Kandi Robinson and Ezekiel Johnson accompanied by Dr. Deborah Henson-Governor, Assistant Professor for the School of Religion, attended the inaugural Embrace Conference held on the campus of Asbury University in Wilmore, Kentucky.  Faith and social justice were the topics of discussion. What does our faith look like when we subtract the cultural values and systems we’ve been raised in? That’s the question Asbury University’s Embrace Conference had students and guests from across the country pondering during the two-day event. 

The conference provided a series of sessions and events that allowed conference attendees to analyze what redemptive social action looks like in the context of Christian faith. The conference featured keynote speaker Christina Edmondson, who serves as the Dean of Intercultural Student Development at Calvin College and co-hosted the Truth’s Table Podcast. The conference featured keynote speaker Christina Edmondson, who serves as the Dean of Intercultural Student Development at Calvin College and co-hosted the Truth’s Table Podcast. Edmondson’s podcast co-hosted Michelle Higgins and Ekemini Uwan via live recording in the University Student Center. During the podcast, Edmonson spoke in depth about the cost of creating false theologies that are convenient to the current political climate or that make a majority group comfortable to the detriment of minority groups.

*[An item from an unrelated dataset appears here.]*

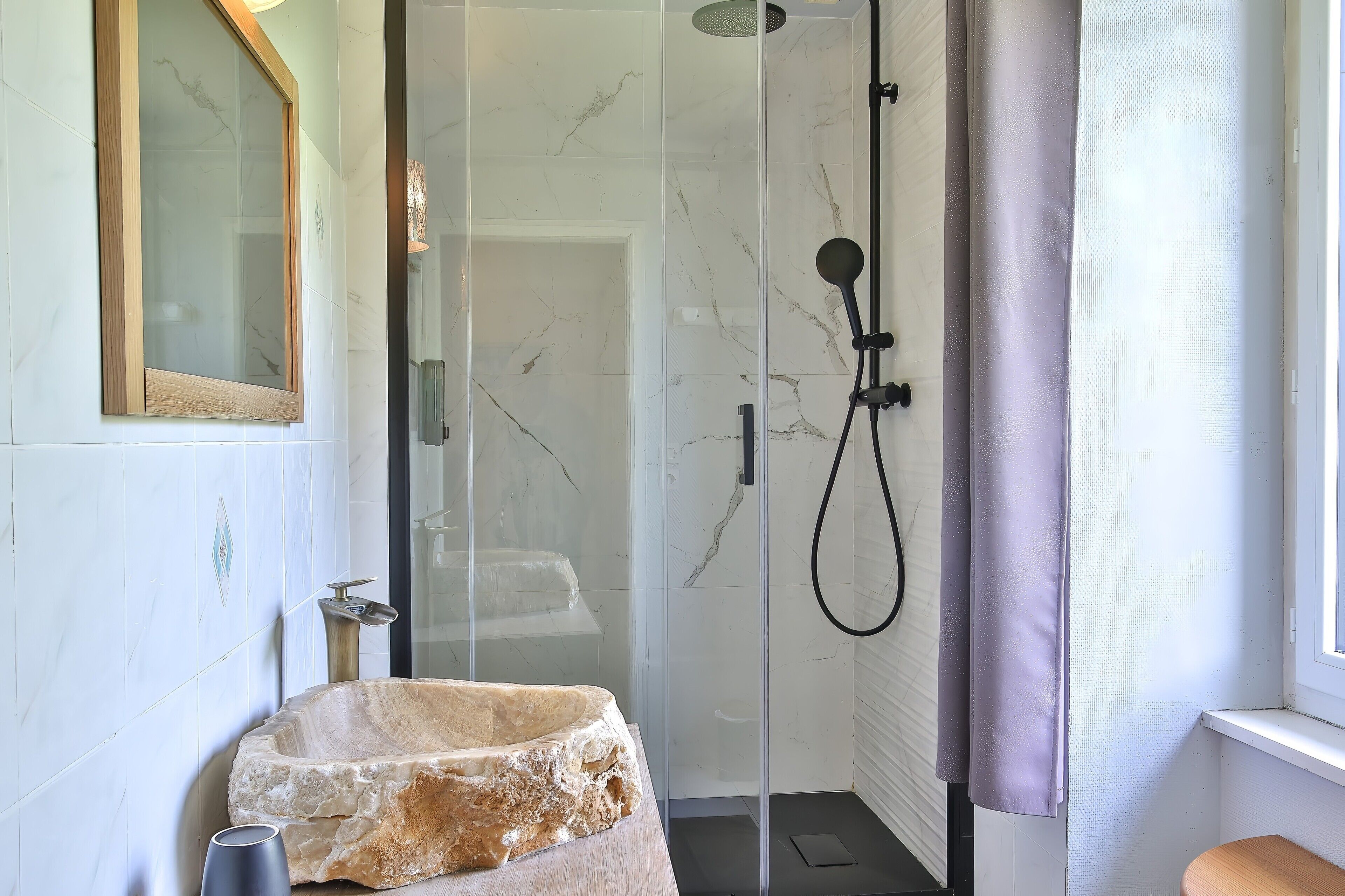 Een douche, een haardroger, handdoeken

Several of the breakout sessions touched on areas such as, “Double Life”- The Experience of Being “Too American” or “Too Hispanic” for Second Generation Hispanics, “Wakanda”- The African Experience in America, “Cultural Appreciation vs. Appropriation”-Learning to Value Other Cultures Without Disrespecting or Exploiting Cultural Elements, and “Are We Getting It Right?”- The Process of Biblical Redemptive Social Action.